### Items listed in a dataset
== Segment start ==
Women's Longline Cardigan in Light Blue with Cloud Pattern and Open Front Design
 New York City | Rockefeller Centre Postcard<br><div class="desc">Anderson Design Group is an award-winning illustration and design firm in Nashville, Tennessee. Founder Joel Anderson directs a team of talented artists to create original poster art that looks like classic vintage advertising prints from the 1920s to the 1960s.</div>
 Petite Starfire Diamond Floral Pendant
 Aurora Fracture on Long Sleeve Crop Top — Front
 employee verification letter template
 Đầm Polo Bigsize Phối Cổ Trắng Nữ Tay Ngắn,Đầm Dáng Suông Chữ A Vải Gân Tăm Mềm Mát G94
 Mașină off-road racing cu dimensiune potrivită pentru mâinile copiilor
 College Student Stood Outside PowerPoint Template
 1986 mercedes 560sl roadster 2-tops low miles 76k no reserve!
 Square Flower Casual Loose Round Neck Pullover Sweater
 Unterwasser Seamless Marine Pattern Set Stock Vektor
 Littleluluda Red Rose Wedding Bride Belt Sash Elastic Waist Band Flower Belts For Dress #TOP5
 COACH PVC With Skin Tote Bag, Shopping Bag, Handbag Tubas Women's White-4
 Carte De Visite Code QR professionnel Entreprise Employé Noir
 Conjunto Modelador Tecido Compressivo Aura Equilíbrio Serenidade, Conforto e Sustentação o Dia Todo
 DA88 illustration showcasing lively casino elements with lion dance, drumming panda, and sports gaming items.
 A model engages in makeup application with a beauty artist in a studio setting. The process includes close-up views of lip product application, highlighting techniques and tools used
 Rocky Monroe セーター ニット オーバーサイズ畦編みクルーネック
== Segment end ==
### What is being asked
Each record above should be retyped in full, exactly as shown.

### Result below
Women's Longline Cardigan in Light Blue with Cloud Pattern and Open Front Design
 New York City | Rockefeller Centre Postcard<br><div class="desc">Anderson Design Group is an award-winning illustration and design firm in Nashville, Tennessee. Founder Joel Anderson directs a team of talented artists to create original poster art that looks like classic vintage advertising prints from the 1920s to the 1960s.</div>
 Petite Starfire Diamond Floral Pendant
 Aurora Fracture on Long Sleeve Crop Top — Front
 employee verification letter template
 Đầm Polo Bigsize Phối Cổ Trắng Nữ Tay Ngắn,Đầm Dáng Suông Chữ A Vải Gân Tăm Mềm Mát G94
 Mașină off-road racing cu dimensiune potrivită pentru mâinile copiilor
 College Student Stood Outside PowerPoint Template
 1986 mercedes 560sl roadster 2-tops low miles 76k no reserve!
 Square Flower Casual Loose Round Neck Pullover Sweater
 Unterwasser Seamless Marine Pattern Set Stock Vektor
 Littleluluda Red Rose Wedding Bride Belt Sash Elastic Waist Band Flower Belts For Dress #TOP5
 COACH PVC With Skin Tote Bag, Shopping Bag, Handbag Tubas Women's White-4
 Carte De Visite Code QR professionnel Entreprise Employé Noir
 Conjunto Modelador Tecido Compressivo Aura Equilíbrio Serenidade, Conforto e Sustentação o Dia Todo
 DA88 illustration showcasing lively casino elements with lion dance, drumming panda, and sports gaming items.
 A model engages in makeup application with a beauty artist in a studio setting. The process includes close-up views of lip product application, highlighting techniques and tools used
 Rocky Monroe セーター ニット オーバーサイズ畦編みクルーネック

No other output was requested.